> [Given entries]:
───

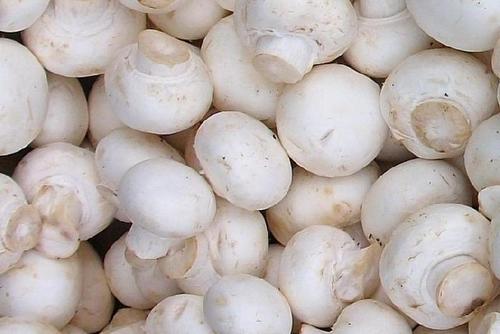 Healthy And Natural Organic Fresh Mushroom Grade: Food Grade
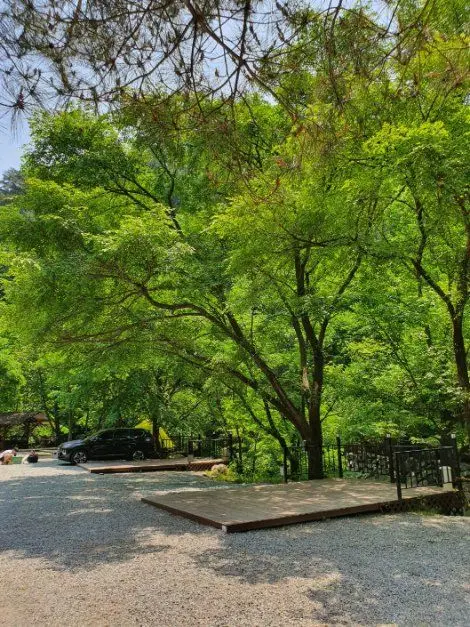 검산별빛캠핑장 사진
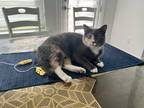 Adopt Yule a Gray or Blue Domestic Shorthair / Mixed (short coat) cat in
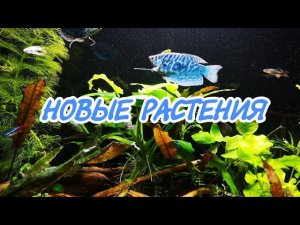 КАК ЧУВСТВУЮТ СЕБЯ НОВЫЕ РАСТЕНИЯ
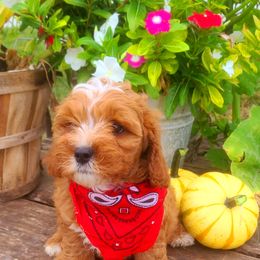 Cavalier King Charles Spaniel and Cavapoo Puppies from Sunset Valley Cavaliers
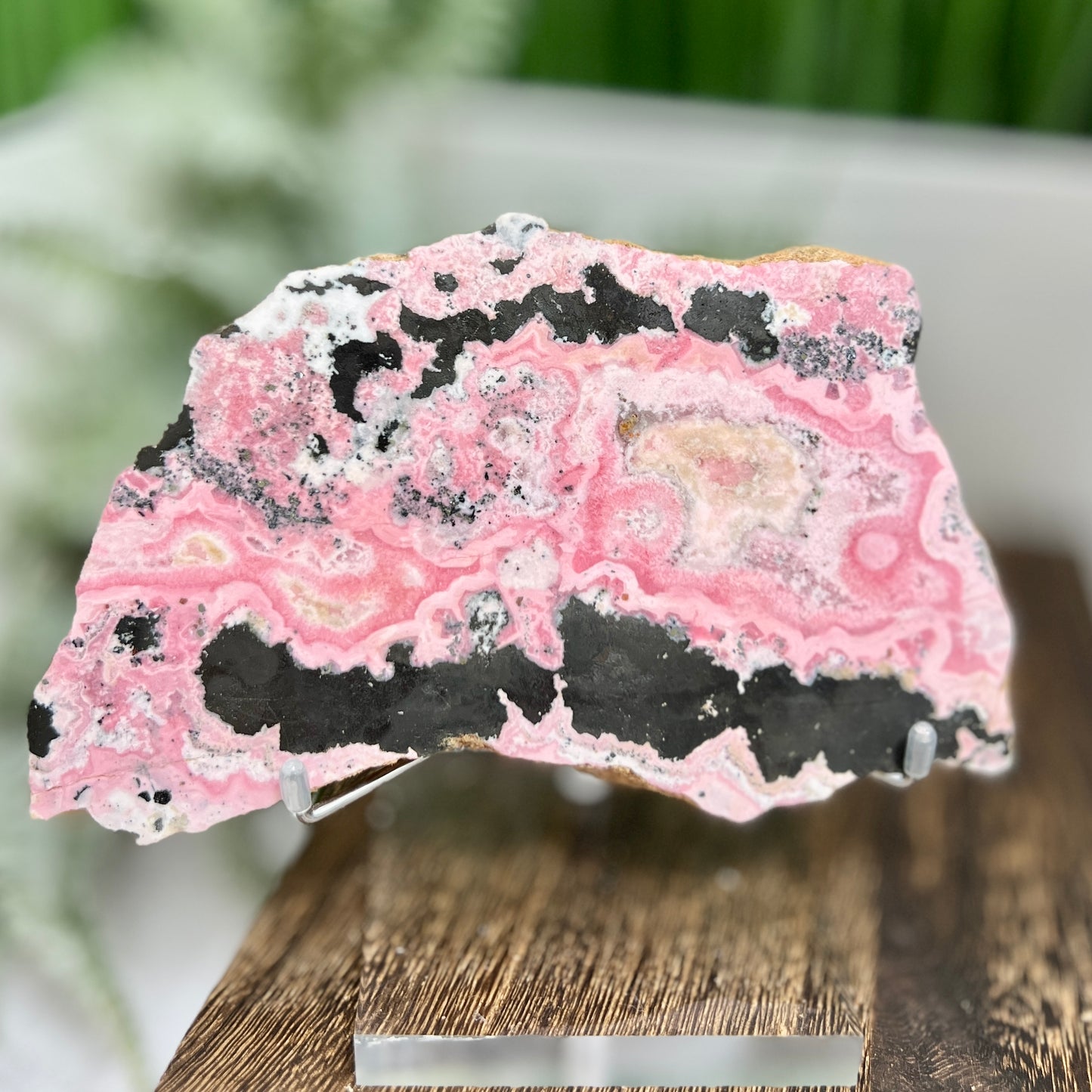 Peruvian Rhodonite Slice with Stand Healing Crystal Specimen Slab 442g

───

> [Try it]:
The lines from the one containing "Adopt Yule a" through the last line above are to be repeated exactly, and only those. Any pictures must be left out.

> [Written solution]:
 Adopt Yule a Gray or Blue Domestic Shorthair / Mixed (short coat) cat in
 КАК ЧУВСТВУЮТ СЕБЯ НОВЫЕ РАСТЕНИЯ
 Cavalier King Charles Spaniel and Cavapoo Puppies from Sunset Valley Cavaliers
 Peruvian Rhodonite Slice with Stand Healing Crystal Specimen Slab 442g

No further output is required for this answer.